Porque es un área bastante extensa y es interesante cohesionar los diferentes barrios que hay ahí. Son barrios que no se van a tirar abajo, como Las Rehoyas. El proyecto contempla la conexión de los barios altos de Pedro Hidalgo y El Lasso con San Cristóbal y de la ladera de San José con la Vega de San José. Vamos a rehabilitar un edificio del antiguo colegio de San Cristóbal, donde está ahora la Universidad Popular, que será trasladada al antiguo colegio Carlos Navarro Ruiz, en el paseo de San José, que también está cerrado. Se van a cambiar todas los bombillos de las farolas y cambiarlos por leds que no consumen casi nada. Se van a comprar guaguas eléctricas para conectar los barrios altos con los bajos.
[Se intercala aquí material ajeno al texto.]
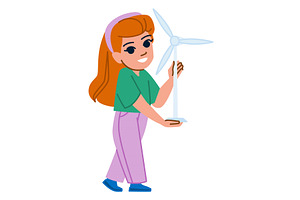 Young girl holding small wind, an Object Illustration by pikepicture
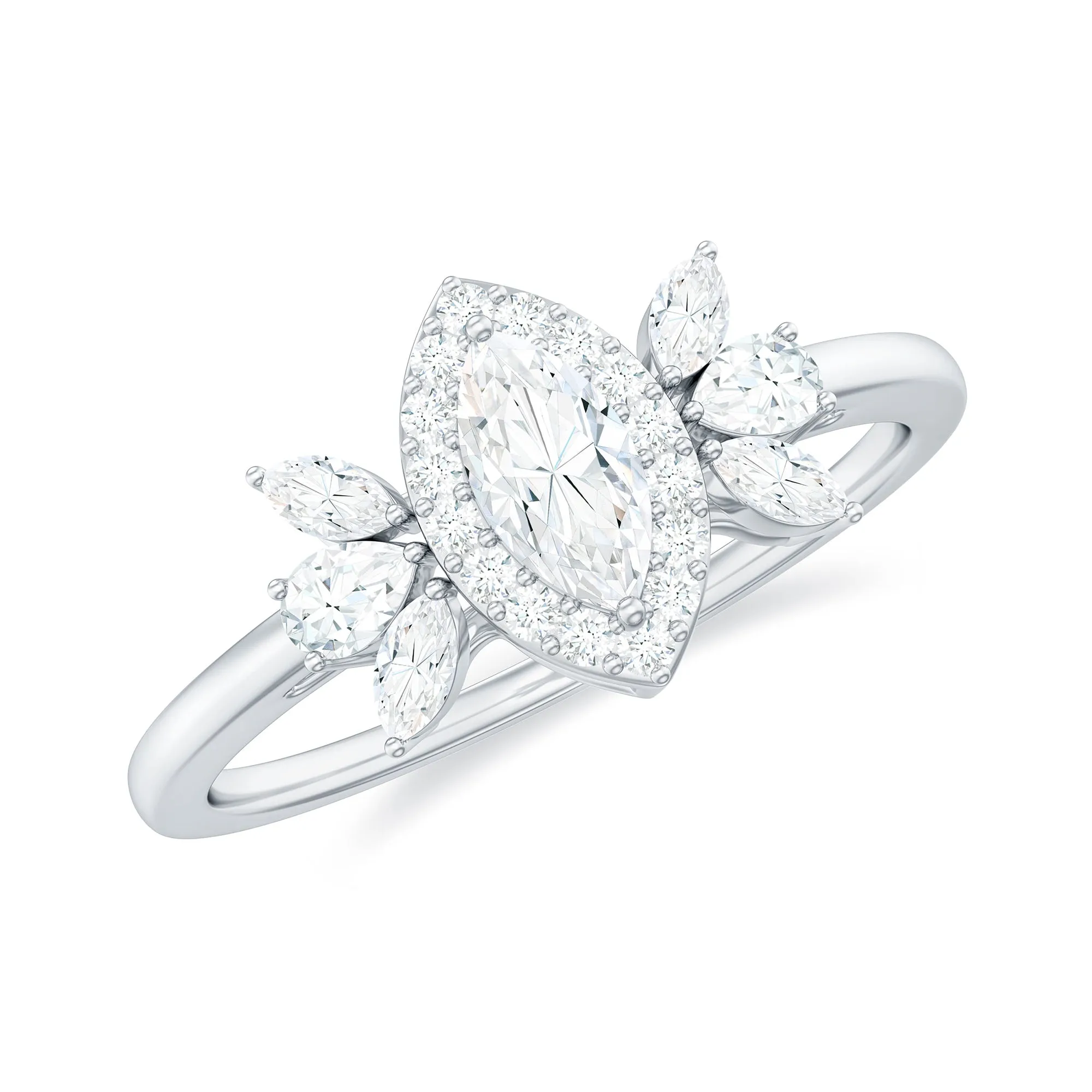 Marquise Cut Moissanite Cluster Halo Engagement Ring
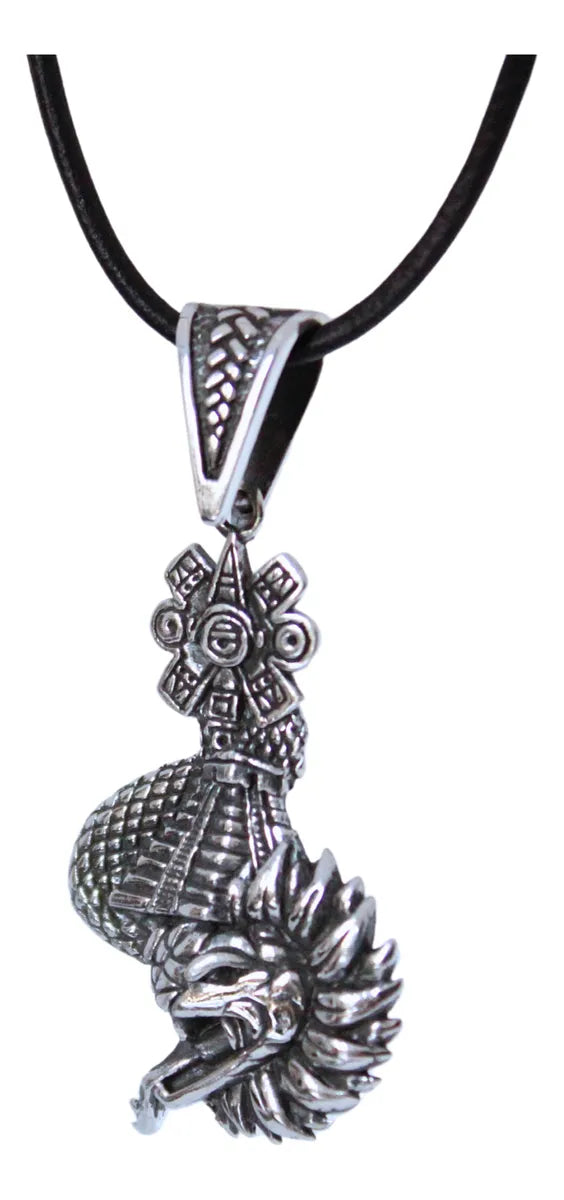 Dije Pirámide Azteca Dios Quetzalcóatl Plata Fina 925 Hombre Plateado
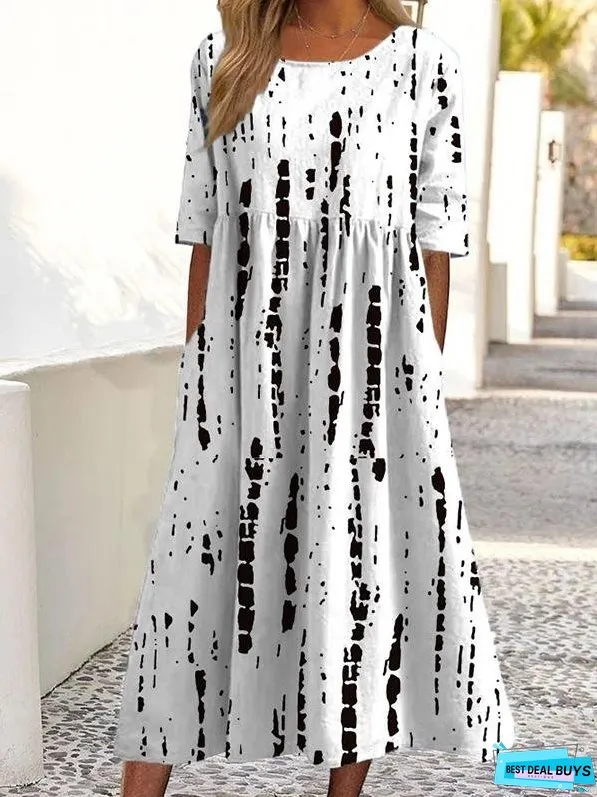 Casual Round Neck Pocket Print Short Sleeve Dress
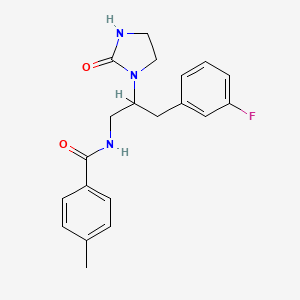 molecular formula C20H22FN3O2 B6502327 N-[3-(3-fluorophenyl)-2-(2-oxoimidazolidin-1-yl)propyl]-4-methylbenzamide CAS No. 1421513-58-7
Estamos gestionando la compra de las antiguas instalaciones del colegio Rubalcava, en San José, para colocar el centro de mando del programa de desarrollo sostenible, donde se van a dar clases de capacitación agraria, informática o albañilería para que sean los vecinos los que rehabiliten las zonas verdes de sus propios barrios, con el objetivo de promover también la inclusión social. Estamos trabajando en este proyecto desde 2015.

¿Que otras intervenciones se contemplan?

Habrá actuaciones de dinamización socioeconómica y potenciaremos una minizona comercial abierta en Pedro Hidalgo. Se instalarán paneles de energía fotovoltaica en las cubiertas de los colegios y también se contempla la recuperación del torreón de San Cristóbal, así como el acondicionamiento de sendas y caminos desde El Lasso hasta el paseo de San José y la mejora de la accesibilidad del paseo de San José. Vamos a crear el edificio Faro en el colegio de San Cristóbal, donde se instalará un observatorio atlántico con la Plocan. Toda la entrada del Cono Sur de la ciudad, desde El Tritón hasta Zárate, se reverdecerá y se eliminarán los grafitis y carteles publicitarios ilegales. Vamos a conectar el carril bici desde el paseo de San Cristóbal hasta la playa de los Cernícalos. En Pedro Hidalgo, se rehabilitará la Casa de la Guardesa, donde antes estaban los barracones, para crear un centro de interpretación de la naturaleza y una zona de merenderos. Estamos haciendo un plan director de sendas y caminos para que la gente pueda ir caminando.

¿Por donde va a empezar el proyecto?

Por el centro del Rubalcava, porque es ahí donde van a estar los colectivos vecinales y se va a impartir la formación. Después se harán las pasarelas de San Cristóbal y la mejora de la entrada sur a la ciudad.